Complexity of Local Search for CSPs Parameterized by Constraint Difference
Aditya Anand, Vincent Cohen-Addad, Tommaso d'Orsi, Anupam Gupta, Euiwoong Lee, Debmalya Panigrahi, Sijin Peng
TL;DR
This work introduces ImproveMaxCSP, a parameterized local-search framework for CSPs where the parameter k measures the symmetric-difference distance between a given candidate set of constraints and an underlying near-feasible solution. It provides a complete complexity dichotomy for symmetric boolean CSPs: the problems ImproveMaxCSP({SymLang-N}(r,S)) are either fixed-parameter tractable or W[1]-hard; the only nontrivial tractable cases are r-AND and 2AE, with explicit FPT algorithms, while rAE for r \ge 3 and ≤1-out-of-r-SAT remain W[1]-hard. The tractable results hinge on color-coding and densest-subhypergraph techniques, including a novel MaximumInducedSubhypergraphwithVertexWeights approach, while the hardness results derive from reductions from MinCSPs and paired-cut problems.
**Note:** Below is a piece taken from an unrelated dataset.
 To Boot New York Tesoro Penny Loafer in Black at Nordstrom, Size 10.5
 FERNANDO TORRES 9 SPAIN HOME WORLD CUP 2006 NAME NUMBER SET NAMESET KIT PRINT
This characterization clarifies how near-perfect instances influence parameterized tractability in CSP local search and connects CSP structural properties to precise complexity outcomes. The work also draws connections to ImproveMaxCut-Uncut and provides a coherent framework for future extensions to broader CSP languages and structural graph problems.
Abstract
In this paper, we study the parameterized complexity of local search, whose goal is to find a good nearby solution from the given current solution. Formally, given an optimization problem where the goal is to find the largest feasible subset $S$ of a universe $U$, the new input consists of a current solution $P$ (not necessarily feasible) as well as an ordinary input for the problem. Given the existence of a feasible solution $S^*$, the goal is to find a feasible solution as good as $S^*$ in parameterized time $f(k) \cdot n^{O(1)}$, where $k$ denotes the distance $|PΔS^*|$. This model generalizes numerous classical parameterized optimization problems whose parameter $k$ is the minimum number of elements removed from $U$ to make it feasible, which corresponds to the case $P = U$. We apply this model to widely studied Constraint Satisfaction Problems (CSPs), where $U$ is the set of constraints, and a subset $U'$ of constraints is feasible if there is an assignment to the variables satisfying all constraints in $U'$. We give a complete characterization of the parameterized complexity of all boolean-alphabet symmetric CSPs, where the predicate's acceptance depends on the number of true literals.